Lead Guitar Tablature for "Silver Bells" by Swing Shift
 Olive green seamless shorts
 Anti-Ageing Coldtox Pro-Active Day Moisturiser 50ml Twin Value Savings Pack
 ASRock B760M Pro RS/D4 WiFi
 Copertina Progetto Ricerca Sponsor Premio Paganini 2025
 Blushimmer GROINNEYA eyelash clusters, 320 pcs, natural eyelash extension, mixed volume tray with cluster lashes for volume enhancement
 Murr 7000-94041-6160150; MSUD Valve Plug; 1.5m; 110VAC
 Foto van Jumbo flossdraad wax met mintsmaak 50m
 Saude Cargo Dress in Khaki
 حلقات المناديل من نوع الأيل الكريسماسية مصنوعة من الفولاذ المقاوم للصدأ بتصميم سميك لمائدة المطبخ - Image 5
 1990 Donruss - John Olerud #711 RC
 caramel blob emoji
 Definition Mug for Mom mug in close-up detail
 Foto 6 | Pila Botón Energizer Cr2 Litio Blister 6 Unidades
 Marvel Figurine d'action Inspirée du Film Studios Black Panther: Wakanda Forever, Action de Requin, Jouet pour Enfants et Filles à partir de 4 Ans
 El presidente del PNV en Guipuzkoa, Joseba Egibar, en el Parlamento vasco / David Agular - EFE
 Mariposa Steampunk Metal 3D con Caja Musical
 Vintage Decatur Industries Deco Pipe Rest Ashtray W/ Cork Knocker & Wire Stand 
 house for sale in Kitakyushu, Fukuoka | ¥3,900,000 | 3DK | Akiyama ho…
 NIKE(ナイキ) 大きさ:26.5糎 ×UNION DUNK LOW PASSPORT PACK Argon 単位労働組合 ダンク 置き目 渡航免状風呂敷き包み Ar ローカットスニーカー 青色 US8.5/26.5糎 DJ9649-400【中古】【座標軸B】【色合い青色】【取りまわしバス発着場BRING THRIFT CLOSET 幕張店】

#### TO DO:
Your output should be the lines from the one with "Copertina Progetto Ricerca" through the end of the records above, copied exactly.

#### WRITTEN SOLUTION:
 Copertina Progetto Ricerca Sponsor Premio Paganini 2025
 Blushimmer GROINNEYA eyelash clusters, 320 pcs, natural eyelash extension, mixed volume tray with cluster lashes for volume enhancement
 Murr 7000-94041-6160150; MSUD Valve Plug; 1.5m; 110VAC
 Foto van Jumbo flossdraad wax met mintsmaak 50m
 Saude Cargo Dress in Khaki
 حلقات المناديل من نوع الأيل الكريسماسية مصنوعة من الفولاذ المقاوم للصدأ بتصميم سميك لمائدة المطبخ - Image 5
 1990 Donruss - John Olerud #711 RC
 caramel blob emoji
 Definition Mug for Mom mug in close-up detail
 Foto 6 | Pila Botón Energizer Cr2 Litio Blister 6 Unidades
 Marvel Figurine d'action Inspirée du Film Studios Black Panther: Wakanda Forever, Action de Requin, Jouet pour Enfants et Filles à partir de 4 Ans
 El presidente del PNV en Guipuzkoa, Joseba Egibar, en el Parlamento vasco / David Agular - EFE
 Mariposa Steampunk Metal 3D con Caja Musical
 Vintage Decatur Industries Deco Pipe Rest Ashtray W/ Cork Knocker & Wire Stand 
 house for sale in Kitakyushu, Fukuoka | ¥3,900,000 | 3DK | Akiyama ho…
 NIKE(ナイキ) 大きさ:26.5糎 ×UNION DUNK LOW PASSPORT PACK Argon 単位労働組合 ダンク 置き目 渡航免状風呂敷き包み Ar ローカットスニーカー 青色 US8.5/26.5糎 DJ9649-400【中古】【座標軸B】【色合い青色】【取りまわしバス発着場BRING THRIFT CLOSET 幕張店】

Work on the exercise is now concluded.